Plant Closings Spike Power Bills

Updated: 2 years ago.
State utility regulators hear testimony before deciding to allow Georgia Power to close two outdated coal fired plants. It’s a decision that complies with federal environmental rules, but it may come at a price to power customers. (GPB Photo)

State utility regulators decided Tuesday to allow Georgia Power to close two outdated coal fired plants.

It’s a decision that complies with federal environmental rules, but it may come at a price to power customers.

It could have cost up to 3 billion dollars to upgrade Plant Branch and Plant Mitchell to meet Environmental Protection Agency standards. The state’s public service commission agreed it was most cost-effective to shut the plants down.

To offset the lost electricity, regulators will allow Georgia Power to replace the coal plants with energy from natural gas plants. They also have an option to purchase power from outside sources. But customers have to pay more for it.

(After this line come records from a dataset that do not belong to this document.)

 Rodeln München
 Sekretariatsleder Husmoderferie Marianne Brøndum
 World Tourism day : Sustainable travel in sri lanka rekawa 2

Stan Wise, with the Public Service Commission, says there’s no way around more expensive power bills in order to prevent potential brownouts and blackouts:

“Customers in this state will continue to receive an adequate supply of energy, it will be a cleaner product than what we have, but it will be more expensive than what we’ve seen in the past, because we’ve got to comply with these EPA regulations.”

Clare McGuire with Georgia Watch, a consumer advocacy group, says rate payers should not have to bear that expensive and excessive burden:

“There’s a price associated with ensuring reliability, but there’s also a price associated with excess capacity and that’s a price that paid by customers who will pay for that as part of their rates.”

The impact of the cost would affect Georgia Power customers starting in 2019.